There is a straightforward point here:
Sponsors who resonate with an audience are critical stakeholders in conference success. Neglecting them means neglecting your audience, too.
Sponsors are not blameless
Many sponsors are not blameless in this dynamic. For example:
The amount of chasing and reminding needed for a simple logo and company profile before an event often astounds me. You would think it is in their interest to do this promptly.
I’ve seen sponsors arrive unprepared, sitting at their booths (often with eyes fixed on a screen), expecting people to come to them … and then complaining when they don’t. Conversely, I have seen how some put people off with excessive sales talk during general networking breaks, where a softer approach is required.
Some get speaking opportunities but squander them with sales-focused presentations or talks instead of delivering thought leadership value to the audience. This has the exact opposite effect: it alienates rather than engages. Being on stage is not about you. It’s about the audience.
Sometimes, I can’t help but wonder whether meeting event budget spending targets is the primary goal for some—a tick-box exercise, hoping something sticks. Afterwards, when they must explain why an event didn’t work, it’s never because of their lacklustre approach. It’s always the event’s fault.
No. Sponsors and organisers need to make the opportunity count even before arriving at the event. You’ve invested. Make it work.
Making it personal
Thanks to managing conference production (speaker programmes) and attendee marketing, I had a front-row view of what works and what doesn’t.
For example, when you promote a speaker, you share information about them and their expertise. The business or brand they’re associated with is important but typically not at the heart of the story you tell. In other words, you make it personal.
Here is a quick look at two things we implemented on the sponsorship side.

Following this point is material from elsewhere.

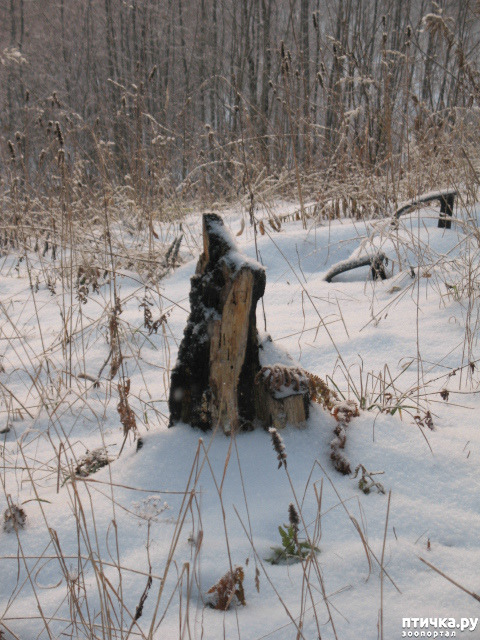 ���� 12: �������-����!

Sponsors are often at the forefront of tech innovation and experts in integration. Especially when senior executives, founders, or product managers join an event, you can bet they have thought leadership value. Why not use this to your advantage?
PRE-EVENT:
So, as part of the pre-event marketing campaign, we began interviewing sponsors ahead of events, just as we would with speakers. The more attendees know ahead of an event who they could meet, the more productive the event itself becomes.
This was a start.
DURING-EVENT:
The next job was to tweak the exhibition model. We implemented an approach termed “huddles” (in sports, a huddle is when a team gathers closely to discuss strategy, motivate each other, or celebrate).
Instead of an “expo theatre,” we created a “meeting lounge.” Sitting around a “coffee” table “feels” different from standing at an exhibition booth. In other words, we focused on creating “peer-to-peer conversations” and value exchange.
Instead of promoting the opportunity to meet with Brand X, we promoted the chance to meet with Person X.
Instead of positioning it as a sales meeting, we framed it as a “consultancy” opportunity because Person X had the expertise to help you and your business.
I wouldn’t say everything was perfect, but overall, it was a positive step forward. You constantly want to look for those tangible and intangible elements to help unlock further value across events.
People, not logos:
I’m not professing that the “huddles” approach will work in every conference scenario, but I am one hundred per cent sure it’s worth a go in one form or another.
Bear in mind there are some bigger underlying forces at play here. Trust in institutions is at an all-time low. We see an explosion of individual creator media. Increasingly, people trust other people, not brands. The human-to-human connection matters.
Sponsors, like your conference speakers, are not faceless brands.
They are people, too.
The Space Economy Summit I’ve been to last week, organised by The Economist, had a good approach, where sponsors had fireside chats or were part of panels explaining their role in the industry and big picture. They also had some interactive lunchtime sessions to engage with their people.